I grabbed a napkin, and stared at my parents - they hadn't witnessed the tragedy - I checked the rest of the cafe - they hadn't witnessed it either, I was safe.

I wiped the death from my elbow.

I sat shifting about uncomfortably. I waited for my parents to suddenly become aware of the situation, to get manic, angry, sickened.

YOU KILLED SOMETHING!! They'd say - YOU KILLED A LIVING THING!! WE DON'T WANT YOU ANYMORE. Stay here in Blackpool when we leave. You're no daughter of ours.

But they hadn't noticed.

Thing was, I'd killed loads of ants and spiders in my time, but this was different. Ladybirds weren't evil. Killing one was like taking a hammer to the sun.

I turned back around, and noticed at the other end of the windowsill which stretched out past about five other tables, two other ladybirds approaching, practically holding hands.

One was tiny - a baby, the other was around the same size as the one I'd just killed, and it was obvious to my child brain that it was the mother. They quickened pace when they saw the murder scene behind me.

The mother approached the corpse whilst the baby, obviously in a large amount of trauma stared frozen at who was probably the ladybird baby's papa.

The mother was crawling all over the corpse, frantically. Then the baby joined and both of them looked as though they were screaming, standing on their hind legs and thrashing about.

I wanted to apologise. I wanted to scream, IT WAS AN ACCIDENT!!, but they wouldn't have cared.
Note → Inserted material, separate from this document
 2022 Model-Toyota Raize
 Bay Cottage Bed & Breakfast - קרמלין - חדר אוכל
No-one cares that anything's an accident, you only care that something bad has happened and it can't be undone.

Then they picked up what was left of the corpse and carried it away with them. I shit you not. They left a couple of legs behind, and part of what I guess was a piece of ladybird skull.
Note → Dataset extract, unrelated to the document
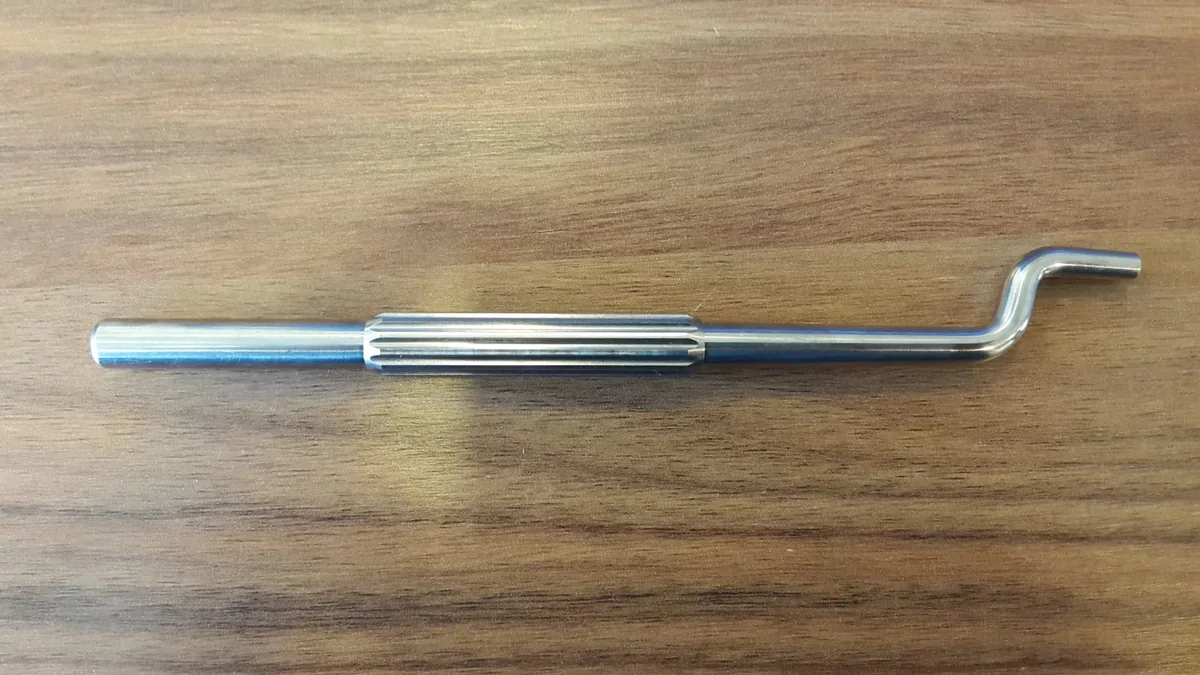 Curved handle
I stared at my parents. They smiled at me. I imagined what would happen if something bigger than us just clumsily whammed it's elbow down on my father in the same way. He'd be gone. And we'd need to carry his body out. As much of it as we could find anyway. And then I wouldn't have a dad.

I started to panic. The World seemed so unsafe, suddenly. Anything was possible.
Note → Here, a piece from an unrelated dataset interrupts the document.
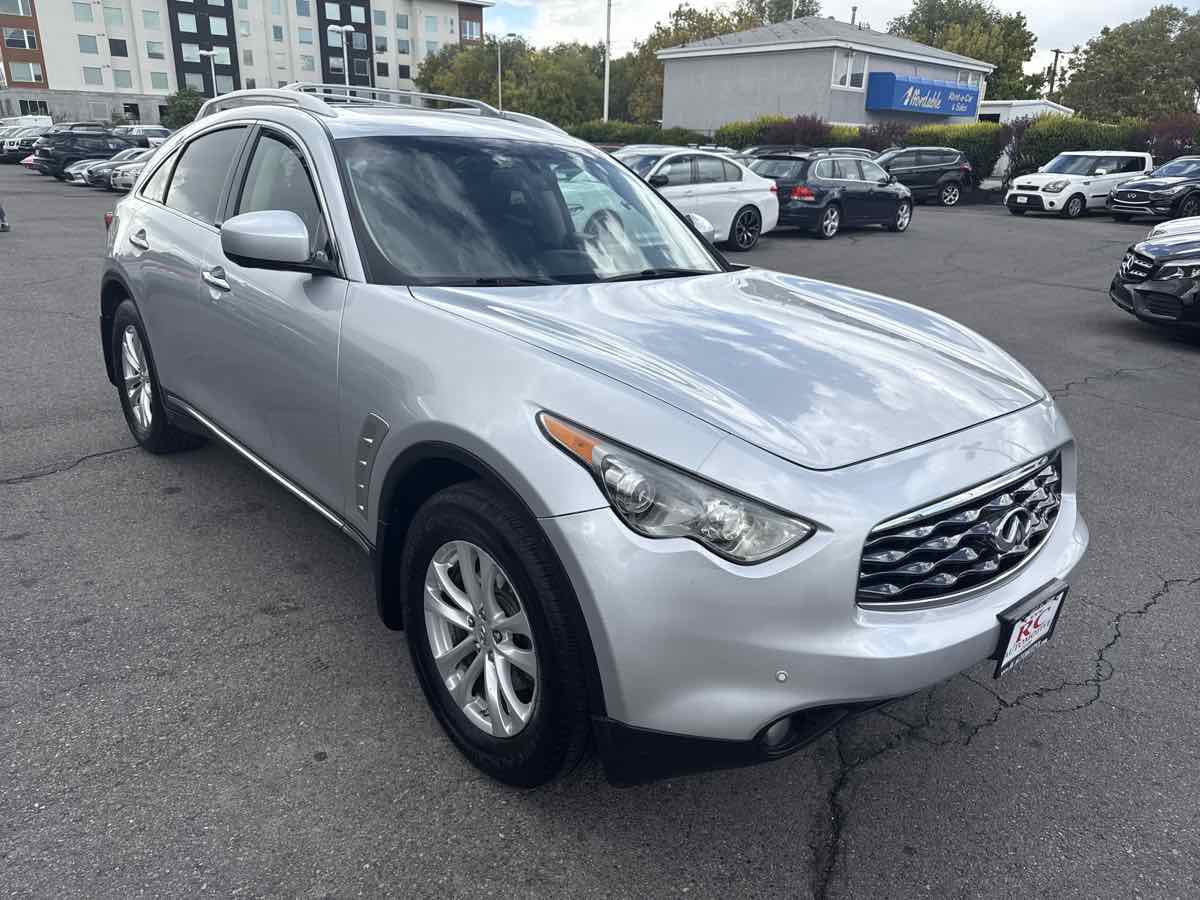2010 Infiniti FX35 photo 4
I burst into tears, my parents came over to comfort me, console me, they couldn't get any explanation out of me apart from deep, sorrowful gasps which resembled vowels and sharp letters.

We went to the Pleasure Beach fairground that same day and went on the ride with the swings that fly out in a circle. We got engulfed by ladybirds - hundreds of them, everywhere. They got in our ears, up our noses, down our t-shirts, they got caught in our hair, and eyelashes.

They knew who I was, I thought, and they were getting their revenge.